Shopping is social.

Amidst the moans being heard from bricks and mortar retailers, you can still see in almost any store you choose to enter, opportunities to make the experience of shopping easier.

If it was more social, friendly, service oriented in stores, it follows that shoppers would find it easier to part with their money. Human beings are social animals, we herd, and congregate around things that interest  and engage us, so it seems possible to dream up strategies that enable that behavior in a store, to make it an attractive occasion to go there, even if it is to your local supermarket, there are opportunities to reconstruct the experience.

Many consumers in high value categories, from furniture to electronics and whitegoods, are “showrooming”, doing some research on-line, then going into showrooms to have a look at the short list in the physical state, then go out and buy on line. Notice the disconnect there, sales people let them out of the showroom not just without a sale, but without permission to continue the nascent relationship.
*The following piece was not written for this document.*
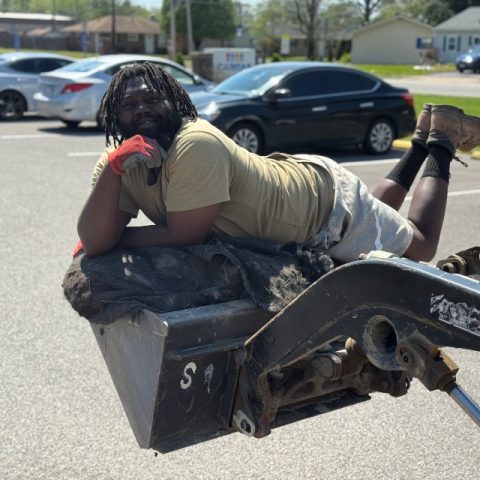 KingPierre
On the other hand, I wandered into the Apple store last week, seeking information for a client, went back the next day for an information session targeted at the specific questions I had, and yesterday got a targeted email offering solutions to the problems I outlined in the session.

No wonder the Apple retail stores are breaking all retail records, and they are bricks and mortar, with a huge difference, they work at creating a relationship, recognising that it is the precursor to a sale.
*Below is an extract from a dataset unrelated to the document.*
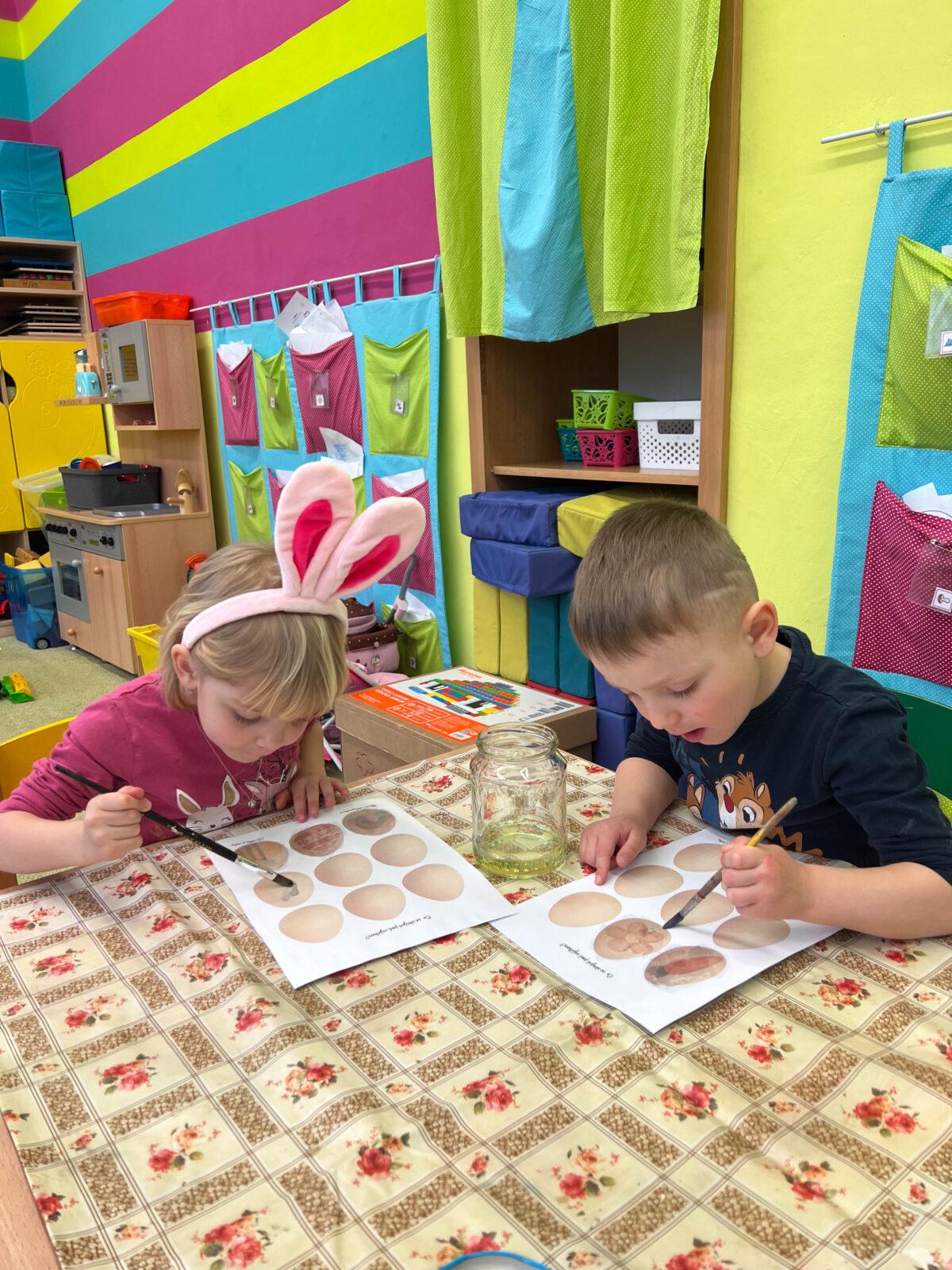 BROUČCI: VELIKONOCE - 30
Category management steroids

Data mining as it is evolving in retail is a fascinating exercise in identifying behavior characteristics that apply to very small percentages of the shopper population, and doing something with them. Progressively retailers are getting better at leveraging the data, and as the penetration of cards increases past a critical mass, so will the effectiveness of the marketing and promotional programs. Of course, consumers are well aware of this, and have well developed “relevance meters” built in.

Consider the category management of potatoes. Pretty dull stuff? no, fascinating stuff.  I am making these numbers up to illustrate the point, but consider, of 100 customers using their cards at the checkout,  perhaps 10% have potatoes in their trolleys, and 10% of that 10% have a particular variety, and of that 10% (now down to 0.1%), they also have sour cream and chives in their trolley.  Pretty reasonable guess that the potatoes will be cooked in their jackets, with sour cream and chives garnish, particularly if the shopper is single, no kids, and also buys steak.  An opportunity to offer the consumer a deal on a bottle of red wine on her way out of the shop, or in the associated retailer across the way? Multiply that by 5 or 6 million cards, and you have a pile of data to mine.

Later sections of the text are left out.